The role the Bank of England (BoE) played in moving and selling gold looted by the Nazis has been revealed in a previously unpublished file.
A record from the bank’s archive shows it transferred £5.6m of gold from Czechoslovakia on behalf of Germany’s Reichsbank, following the Nazi invasion in 1939.
The gold was moved from the National Bank of Czechoslovakia’s account at the central Bank for International Settlements (BIS) to an account managed on behalf of the Reichsbank.
Some of the gold was later sold in London.
The 10-page document, published on the BoE’s website, was produced following the Second World War amid fears the bank’s position had “never been thoroughly appreciated” and that “their action at the time was widely misunderstood”.

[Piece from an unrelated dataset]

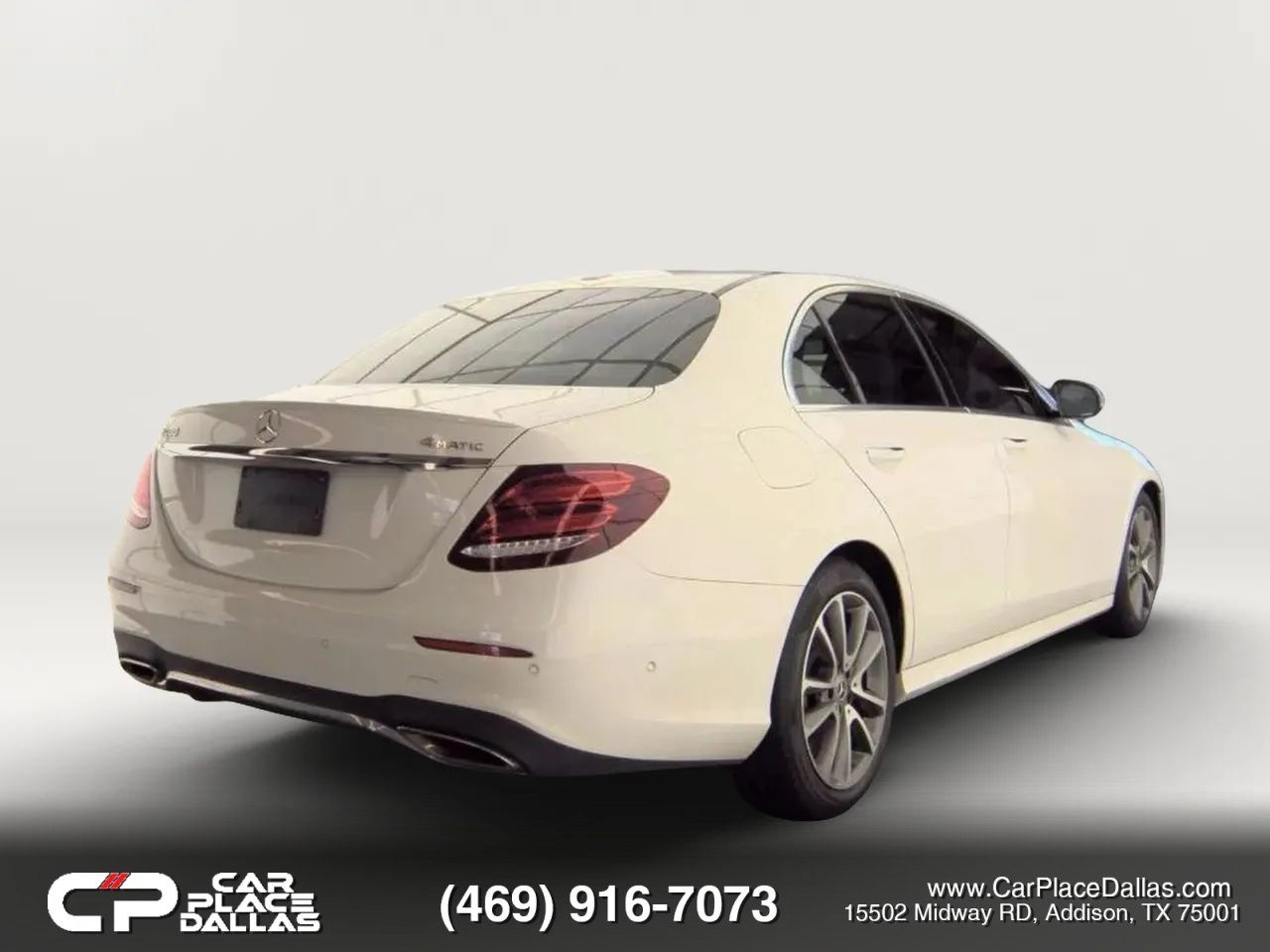 Used 2018 Mercedes-Benz E 400 4MATIC Sedan w/ Premium 2 Package (Q02) image 3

It states: “On March 21, 1939, the Chief Cashier received the request to transfer about £5.6m gold from the BIS No.2 Account to their No.17 Account.
“The bank, although it was no business of theirs, was fairly sure that the No.2 Account was a Czech National Bank Account and they believed, although they were not sure at the time, that No.17 was a Reichsbank.
“The amount was transferred on the same day and a small further amount on March 22.
“Between March 21 and 31, the gold received on the No.17 Account was disposed of, (with) about £4m going to the National Bank of Belgium and the Nederlandsche Bank and the remainder being sold in London.”
The report also reveals the Governor of the Bank of England rejected a call from his French counterpart to prevent the transfer of Czech assets, believing such a move would be “wrong and dangerous for the future of the BIS”.
Patrick Jenkins, banking editor of the Financial Times, told Sky’s Jeff Randall: “There is some sense that this was being done without full disclosure to the UK Government.
“Clearly the UK Government was at the time on the brink of war and not keen to help the Nazis in any way politically or financially.
“It seems the Bank of England was undermining that position.”
The report shows the Government was powerless to prevent the BoE obeying any instructions received from the BIS without violating its obligations under international law.
It also states how, in May 1939, the governor of the BoE declined to tell the Chancellor whether it still held any of the Czech gold.
“The Governor … did not answer the question but pointed out that the bank held gold from time to time for the BIS and had no knowledge whether it was their own property or that of their customers,” the report says.